So, as well as being easier to administer, a single big server ought to work out cheaper than lots of discrete little servers (no guarantees, no money back!). Make sure you buy the biggest, fastest chips you can and as much RAM as you have free slots. Those are things which give you better performance without affecting your licensing costs.
Consider the Partitioning option, if you can afford it. This will address your concerns regarding backup and recovery, because each partition can have its own tablespace. So (given partitioning by client_id) it becomes possible to backup or restore an individual client's data without affecting the other clients. We can even export and import individual partitions. I'm surprised by David's observation that Partition pruning didn't work with VPD. But I haven't tried this combo, so I'll take his word for it.

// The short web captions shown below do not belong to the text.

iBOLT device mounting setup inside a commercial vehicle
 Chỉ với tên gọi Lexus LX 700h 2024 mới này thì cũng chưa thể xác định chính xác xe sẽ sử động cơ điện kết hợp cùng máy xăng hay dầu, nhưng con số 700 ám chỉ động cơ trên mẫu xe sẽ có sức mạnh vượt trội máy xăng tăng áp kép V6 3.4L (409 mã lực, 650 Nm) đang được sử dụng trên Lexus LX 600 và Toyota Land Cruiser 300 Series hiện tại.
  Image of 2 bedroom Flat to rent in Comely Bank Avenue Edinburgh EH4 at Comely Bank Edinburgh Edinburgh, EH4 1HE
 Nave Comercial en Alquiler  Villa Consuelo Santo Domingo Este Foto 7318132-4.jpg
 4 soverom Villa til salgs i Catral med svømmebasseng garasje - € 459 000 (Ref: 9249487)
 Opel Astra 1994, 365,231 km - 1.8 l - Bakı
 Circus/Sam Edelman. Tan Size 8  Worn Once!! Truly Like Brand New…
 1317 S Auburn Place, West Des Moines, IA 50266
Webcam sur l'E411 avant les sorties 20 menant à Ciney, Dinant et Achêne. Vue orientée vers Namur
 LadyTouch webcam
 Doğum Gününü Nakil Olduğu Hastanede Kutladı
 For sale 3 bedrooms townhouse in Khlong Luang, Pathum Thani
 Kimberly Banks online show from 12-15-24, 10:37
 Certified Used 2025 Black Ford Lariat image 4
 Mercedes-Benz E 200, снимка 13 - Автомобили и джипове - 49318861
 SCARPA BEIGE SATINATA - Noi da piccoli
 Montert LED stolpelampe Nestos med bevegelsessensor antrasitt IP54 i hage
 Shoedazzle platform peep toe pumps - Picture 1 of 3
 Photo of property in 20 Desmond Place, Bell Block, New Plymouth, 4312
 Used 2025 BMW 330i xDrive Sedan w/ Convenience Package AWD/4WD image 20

The one thing you might lose from consolidation is the ability to support different clients on different versions of your application. However, this is not necessarily a bad thing. As you observe, maintaining several hundred customers will be a lot easier if you forgo individualised versions of the application. If you do need to offer some bespoke features - even if you just want to beta test some functionality with an individual client - then have a look at Edition-Based Redefinition in 11gR2: it is a really nifty feature. Also it is available for all Oracle licenses, not just Enterprise.
当您说“单独的实例”时,您是在谈论一个具有多个架构的实例吗?或者您真的是指在一台机器上运行多个实例吗?没有什么理由在一台机器上运行多个实例,而不是在一个实例上运行多个模式 - 每个模式仍然有自己的一组表、索引等。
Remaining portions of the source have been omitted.